Russian-Bulgarian sport wrestler (born 1993)

Magomed Eldarovich Ramazanov (Магомед Эльдарович Рамазанов; born 22 May 1993) is a Russian freestyle wrestler who competes at 86 kilograms. He represented Romania from 2022 until 2023 and then Bulgaria at the 2024 Summer Olympics, where he claimed the gold medal. Before transferring to Bulgaria in 2024, he was a European silver medalist and a three-time Russian National medalist.

==Background and career==
Magomed Ramazanov was born in the little village of Oktyaborskoe, located close to Khasavyurt, Dagestan. He started training in wrestling at the age of seven, and trained in different places: in Astrakhan under Khaibula Abdulaev and in Moscow under Ikhaku Gaiderbekov.

The first big achievement came to him at the Ziolkowski International 2018 in the 79 kg category, where he placed 1st and didn't give up a single point. In the final match he beat the Georgian 2012 Olympian Davit Khutsishvili. At the Russian Nationals 2019 he placed 3rd, and in August 2019 at the Alexander Medved tournament in Minsk he won a gold medal. At the Golden Grand Prix Ivan Yarygin 2020 he came in first; in the final match he beat the World Championship 2018 bronze medalist Akhmed Gadzhimagomedov of Russia. At the European Championships 2020 he faced countryman Magomedkhabib Kadimagomedov in the final match, where he lost by decision.

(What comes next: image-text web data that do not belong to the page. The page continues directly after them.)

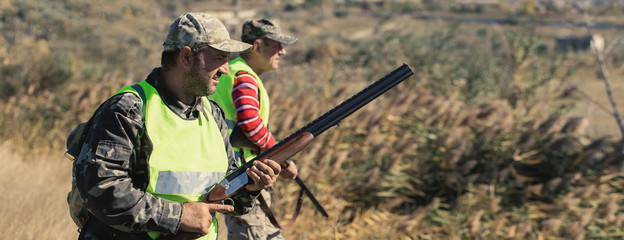 A mans with a gun in his hands and an camouflage vest on a pheasant hunt in a wooded area in cloudy...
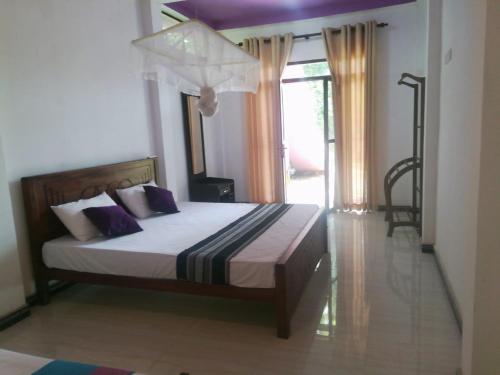 锡吉里亚Tezara Home Stay的一间卧室配有一张带紫色枕头的床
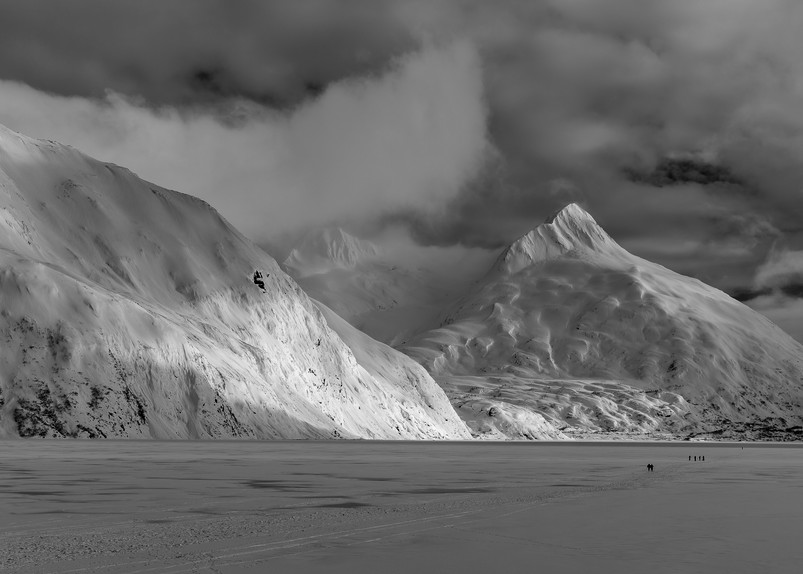 Hikers make the trek to Portage Glacier on Portage Lake in Southcentral Alaska. Winter. Afternoon.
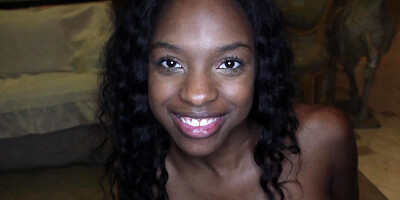 A black chick is kissing a large white dick close up to us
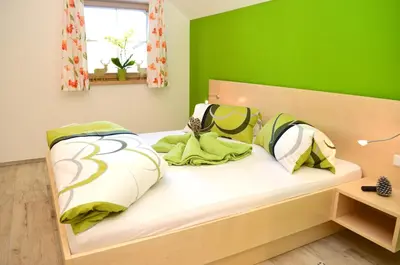 Ein Bett oder Betten in einem Zimmer der Unterkunft Denggnhof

He competed at the 2024 European Wrestling Olympic Qualification Tournament in Baku, Azerbaijan hoping to qualify for the 2024 Summer Olympics in Paris, France. He was eliminated in his second match and he did not qualify for the Olympics.

A month later, he earned a quota place for Bulgaria for the Olympics at the 2024 World Wrestling Olympic Qualification Tournament held in Istanbul, Turkey. Ramazanov entered his first Olympic competition at the 2024 Summer Olympics in Paris, France. He defeated the biggest favourite Hassan Yazdani 7–1 in the final match of the Men's freestyle wrestling 86 kg and won the gold medal. This was the first Olympic gold medal in freestyle wrestling for Bulgaria in 28 years.

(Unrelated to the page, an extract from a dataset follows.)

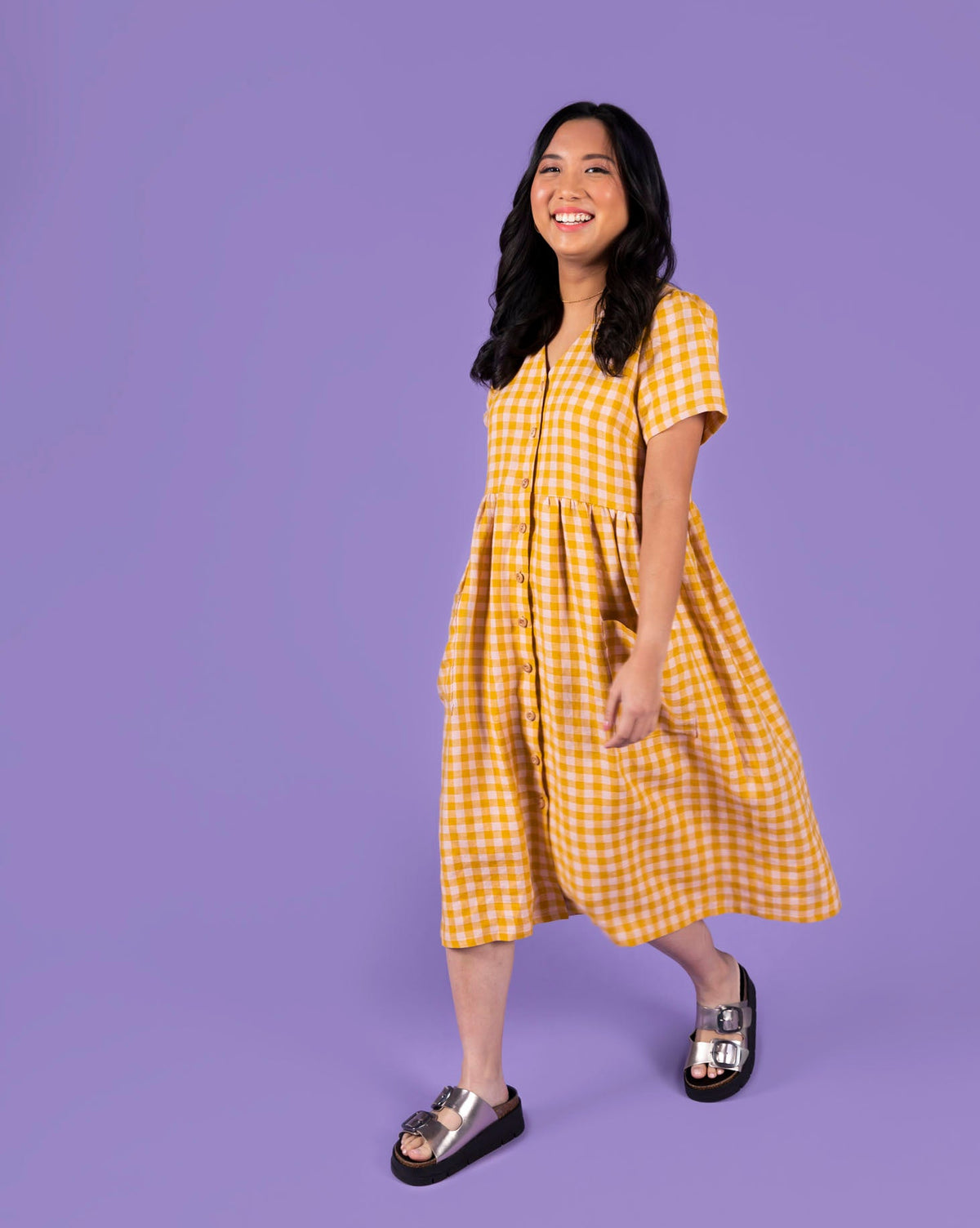 Woman wearing a yellow checkered dress on a purple background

Ramazanov has been representing the Moscow-based CSKA wrestling club since 2019, under wrestling coach Vadim Biyaz.

After the 2025 European championships it was announced that Ramazanov had parted with the Bulgarian national team.

However, Magomed made his competitive return at the 2026 Ulaanbaatar Open. The Bulgarian wrestler, who had been sidelined due to injury and surgery after winning the 2025 European Championships. Magomet compete in 86kg. He recorded dominant victories over Bolat Sakayev (KAZ) 8–2, Abdulmuslim Abulmuslimov (RUS) 5–0, and Batbilguun Naadambat (MGL) 10–0 before injury defaulting the final to Mohammad Nokhodi (IRI), earning a silver medal.

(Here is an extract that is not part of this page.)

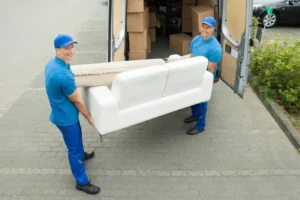 two-happy-male-workers-putting-furniture-boxes-truck_1221914-8969-1.webp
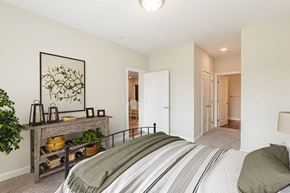 Greenville apartment for rent - A bedroom with a bed, a table with a plant, and a painting on the wall. at Avery Landing Apartments, Greenville, 29605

==Championships and accomplishments==
- 2016 Intercontinental cup – 1st. (74 kg, Khasavyurt, Russia)
- 2018 Ziolkowski International – 1st. (79 kg, Warsaw, Poland)
- 2019 World Cup – 1st. (Yakutsk, Russia)
- 2019 Russian National Championships – 3rd. (Sochi, Russia)
- 2019 Ali Aliyev Memorial – 1st. (79 kg, Kaspiysk, Russia)
- 2020 Ivan Yarygin – 1st. (79 kg, Krasnoyarsk, Russia)
- 2020 European Championships – 2nd. (79 kg, Rome, Italy)
- 2024 Summer Olympics – 1st. (86 kg, Paris, France)
- 2020 European Championships – 1st. (86 kg, Bratislava, Slovakia)

==Personal life==
He has a younger brother Ramazan Ramazanov, who also represents Bulgaria at the international level. Magomed became popular on social networks among MMA fans because he bears a slight resemblance to former lightweight UFC champion Khabib Nurmagomedov.